Other than the fact that torture was used to extract confessions about a link between Iraq and al Qaiada, I think one of the most important things to come from the Senate Armed Services Report (warning: huge pdf) is the fact that the FBI refused to participate in the so-called “interrogations.”

From the report starting on page 18:

An unclassified version of the May 2008 report by the Department of Justice (DOJ) Inspector General (IP) confirmed that FBI agents “initially took the lead in interviewing Zubaydah at the CIA facility” but that “CIA personnel assumed control over the interviews” when they arrived at the facility.

The FBI agent told the DOJ Inspector General that he also “raised objections to these techniques to the CIA and told the CIA that it was ‘borderline torture.'”<…>

According to the DOJ Inspector General’s Report, FBI Counterterrorism Assistant Director Pat D’Amuro gave instruction to both FBI agents to “come home and not participate in CIA interrogation.” <…> The report said that around the time of Zubaydah’s interrogation, FBI Director Robert Mueller decided that FBI agents would not participate in interrogations involving techniques the FBI did not normally use in the United States, even though the OLC had determined that such techniques were legal.

Torture Timeline

The Washington Post just published a timeline on the CIA’s torture program approval process. Its from a report Holder provided to the Senate Intelligence Committee.

Here are a few of the key points.

Rice gave a key early approval, when, as President George W. Bush’s national security adviser, she met on July 17, 2002, with the CIA’s then-director, George J. Tenet, and “advised that the CIA could proceed with its proposed interrogation of Abu Zubaida,” subject to approval by the Justice Department, according to the timeline…

A year later, in July 2003, the CIA briefed Rice, Vice President Richard B. Cheney, Attorney General Ashcroft, White House counsel Alberto R. Gonzales and National Security Council legal adviser John Bellinger on the use of waterboarding and other techniques, it states.

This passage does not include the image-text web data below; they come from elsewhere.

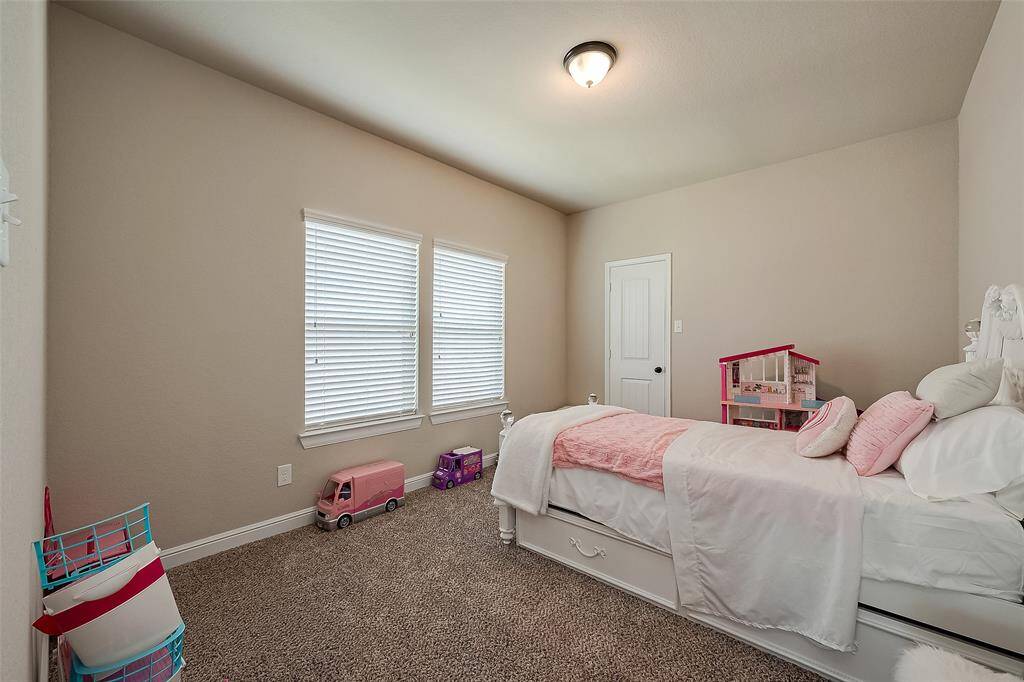 Third bedroom upstairs also has a walk-in closet.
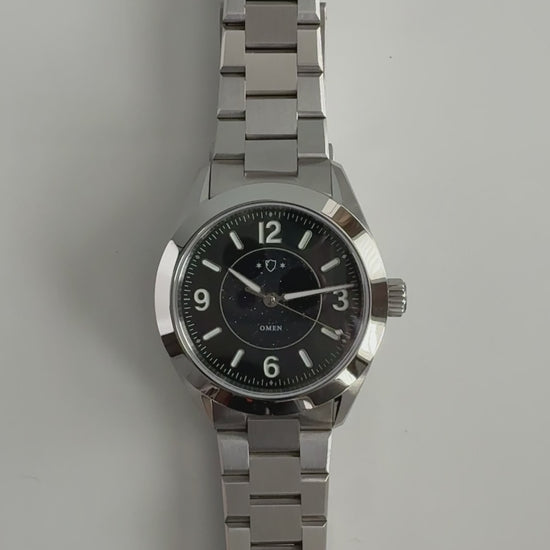 demonstration of silver watch with black face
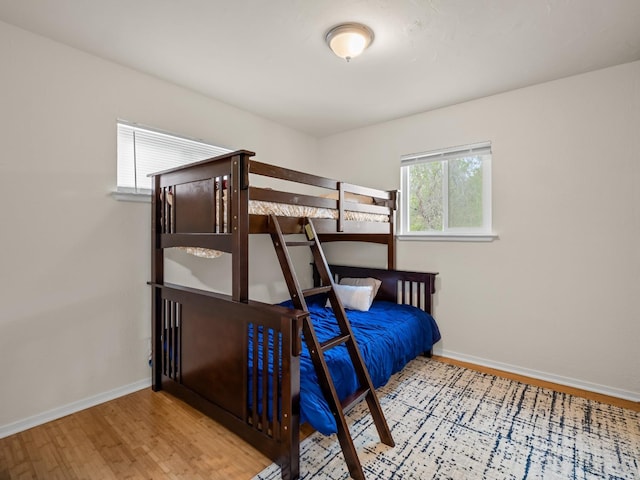 bedroom with baseboards and wood finished floors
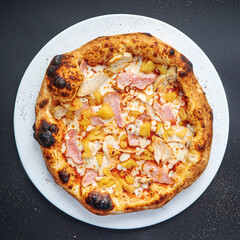 pizza on the black background, top view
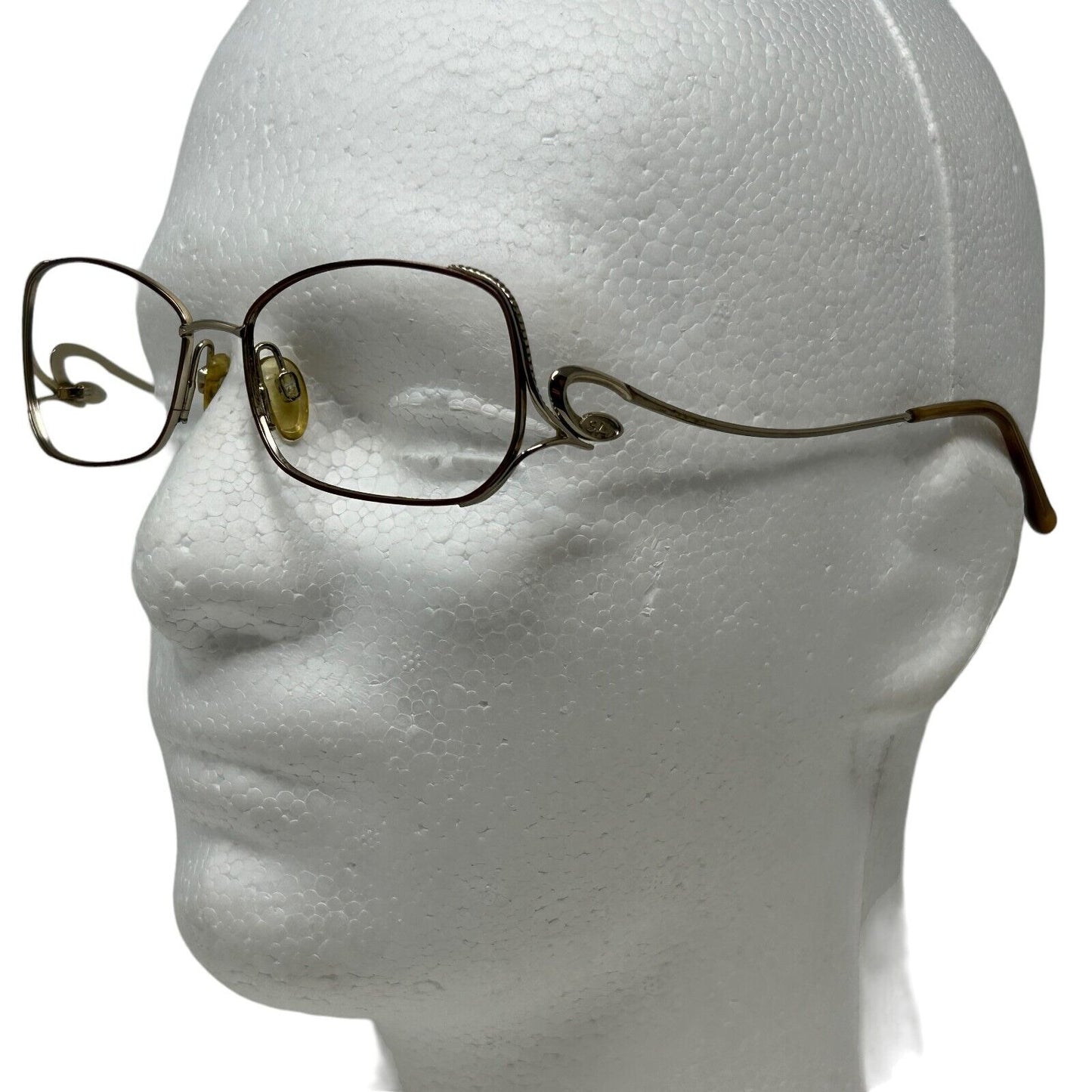 Sophia Loren Eyeglasses in gold with rectangular frames, side view showcasing the unique design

They “reaffirmed that the CIA program was lawful and reflected administration policy.”…

Secretary of State Colin L. Powell and Secretary of Defense Donald H. Rumsfeld were not briefed on the program until Sept. 2003, according to the narrative…

In the fall of 2002, four senior members of Congress, including  Rep. Nancy Pelosi (D-Calif.), now speaker of the House, were secretly briefed on interrogation techniques including waterboarding, according to U.S. officials…

A fresh legal review by the Justice Department prompted Ashcroft to inform the CIA in writing on July 22, 2004, that its interrogation methods — except waterboarding — were legal. The following month, the head of the Justice Department’s Office of Legal Counsel added that even waterboarding would be legal if it were carried out with a series of safeguards according to CIA plans. By the following May, the department had completed two more reviews of the program that came to the same conclusion. These were among the memos released by President Obama this week.

A couple of thoughts I had:

1. Pretty damning for Condi – perhaps why we got all the bluster yesterday from Zeikelow, her legal counsel.

2. Pelosi and three other members of Congress knew in the fall of 2002.

3. Ashcroft says waterboarding isn’t legal – so OLC responds by writing memos that it is.

4. I think it might be important to remember that this is a timeline for CIA activities. Sounds like the report from the Armed Services Committee documented a whole different process.

5. That this came from Holder indicates that perhaps the investigation has been underway for awhile now.